### Exercise objective
Where the data below shows a picture, leave that picture out and copy the rest exactly.

== Data provided

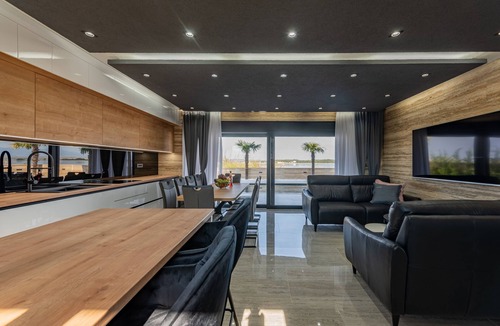 Privlaka House | Seaside luxury villa with a swimming pool Privlaka, Zadar (K-23517)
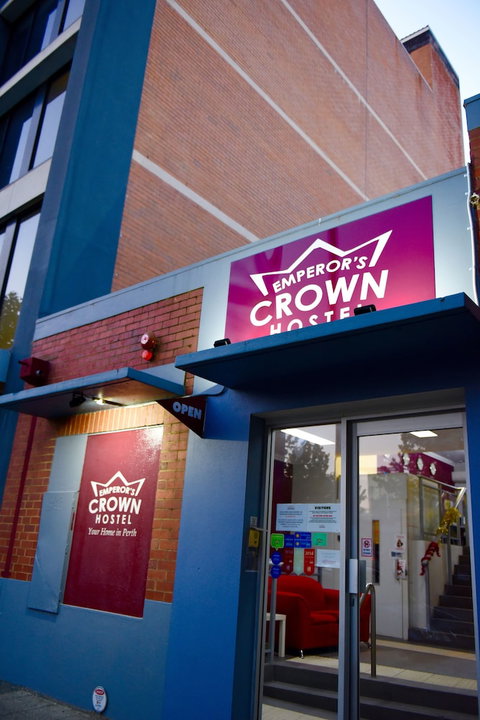 The Emperor's Crown Hostel - Dalby Accommodation 0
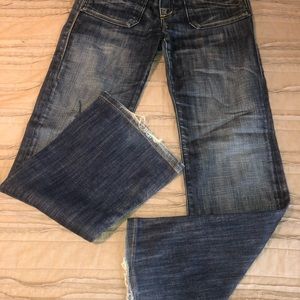 Rock & Republic distressed flare jeans SZ 29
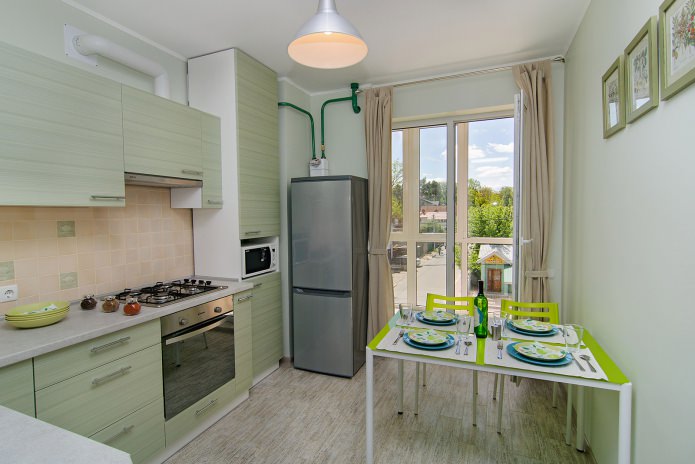 Cocina en el interior de un apartamento de una habitación de 42 m².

====

### Reply to the exercise
 Privlaka House | Seaside luxury villa with a swimming pool Privlaka, Zadar (K-23517)
 The Emperor's Crown Hostel - Dalby Accommodation 0
 Rock & Republic distressed flare jeans SZ 29
 Cocina en el interior de un apartamento de una habitación de 42 m².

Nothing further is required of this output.